[Task to complete] Everything in the data should be repeated exactly, save for the images.

[Given data]
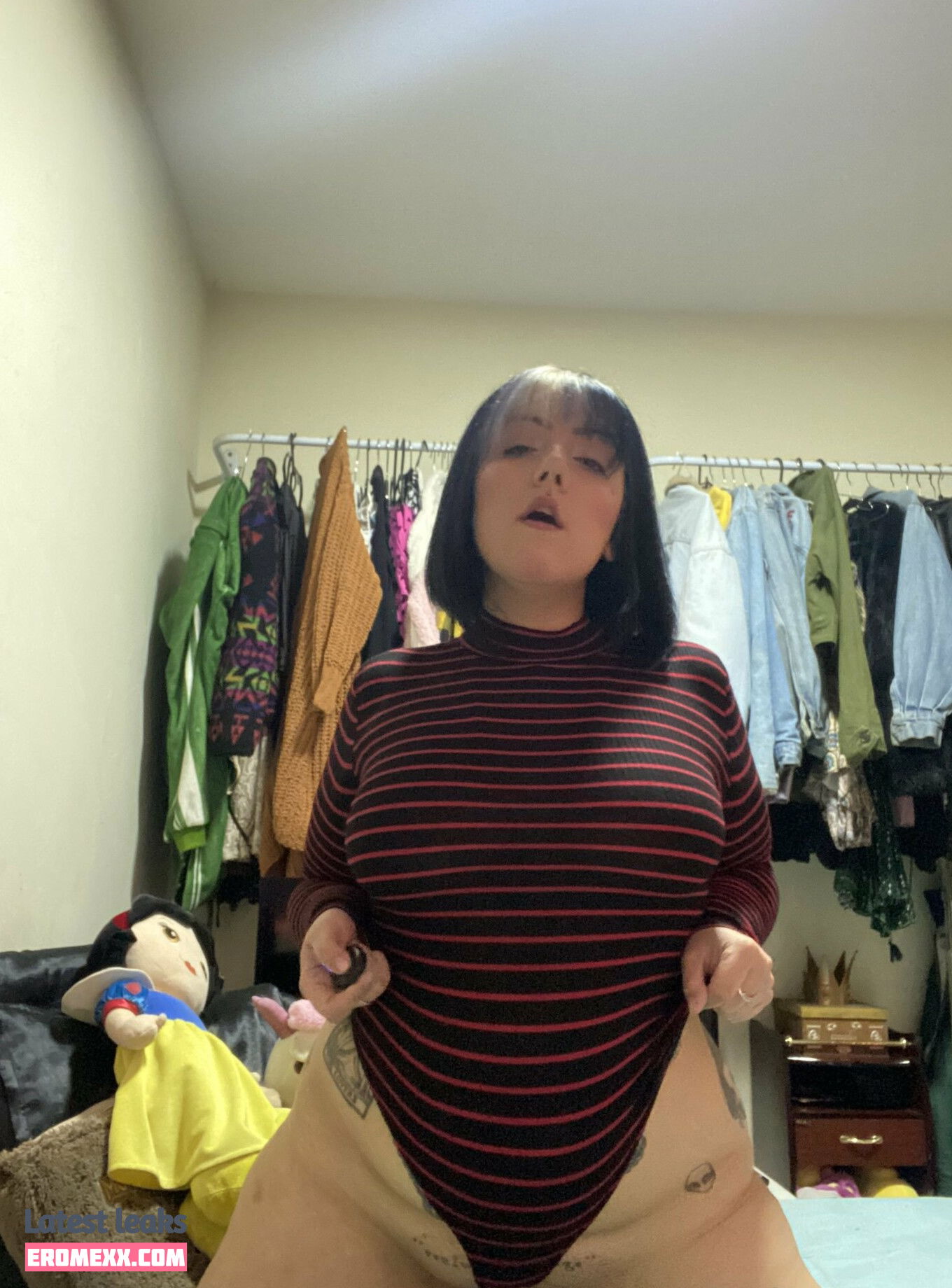 Latest Leaks pimenta Nude #2 - Erome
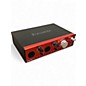 Used Focusrite Clarett 2Pre Audio Interface thumbnail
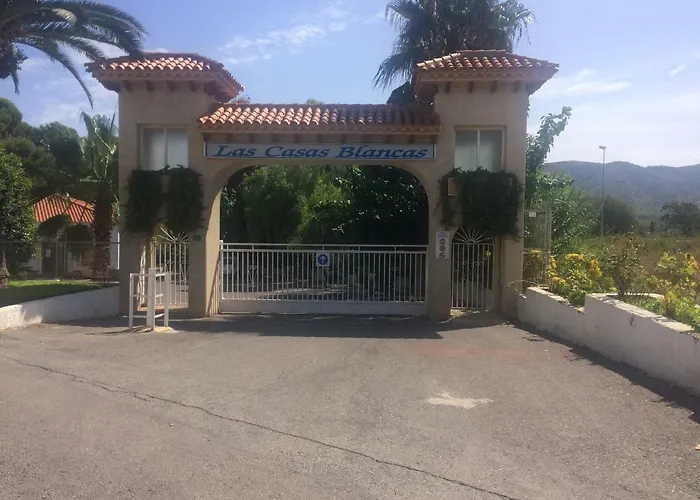 Casas Blancas Bungalow 45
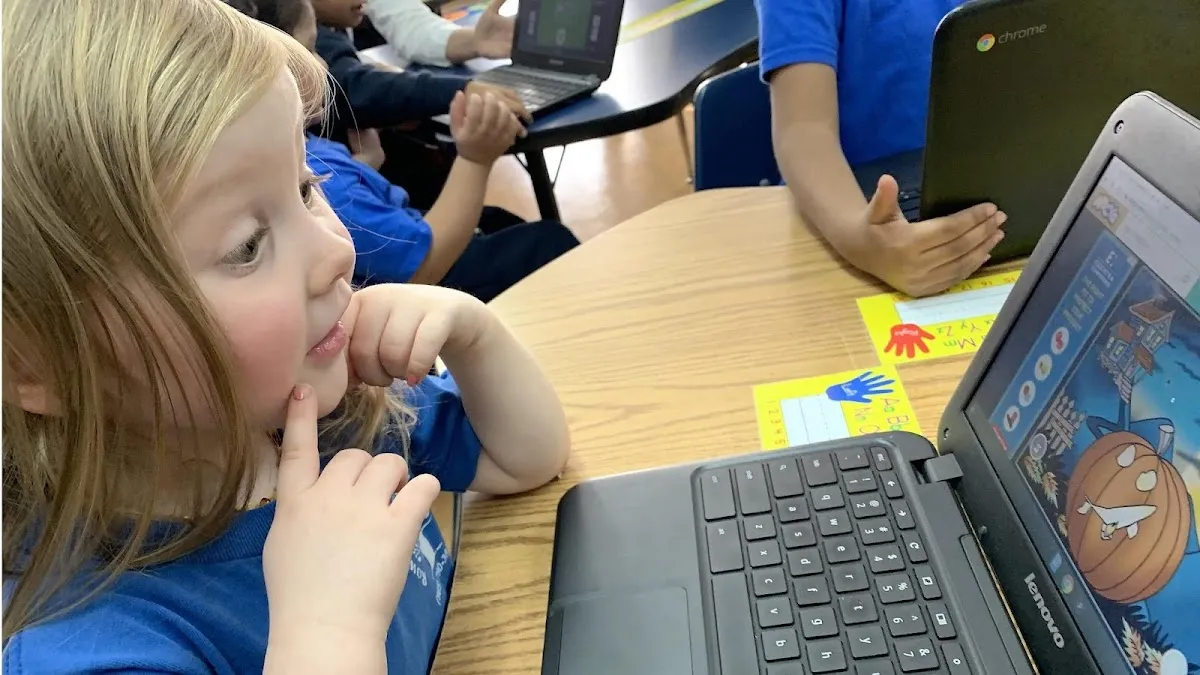 Rowntree Montessori Schools (RMS) campus photo 17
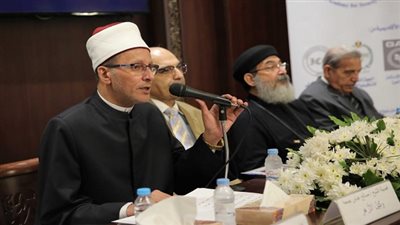 وكيل الأزهر: ما قام به الأزهر الشريف عبر تاريخه مثَّل صورة حية لشخصية الشعب المصري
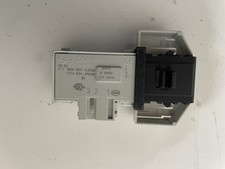 SIEMENS Sécurité de porte DM070 pour lave linge WM12B211FF/24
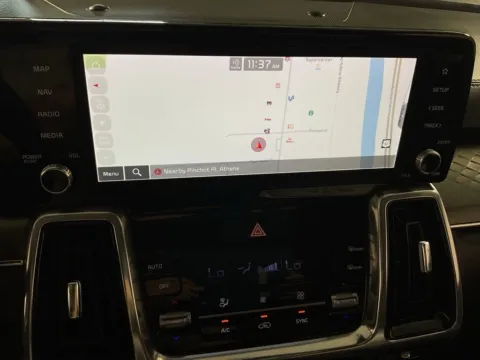More photos of 2023 Kia Sorento SX at Don Wood Hyundai, OH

[Exercise output]
 Latest Leaks pimenta Nude #2 - Erome
 Used Focusrite Clarett 2Pre Audio Interface thumbnail
 Casas Blancas Bungalow 45
 Rowntree Montessori Schools (RMS) campus photo 17
 وكيل الأزهر: ما قام به الأزهر الشريف عبر تاريخه مثَّل صورة حية لشخصية الشعب المصري
 SIEMENS Sécurité de porte DM070 pour lave linge WM12B211FF/24
More photos of 2023 Kia Sorento SX at Don Wood Hyundai, OH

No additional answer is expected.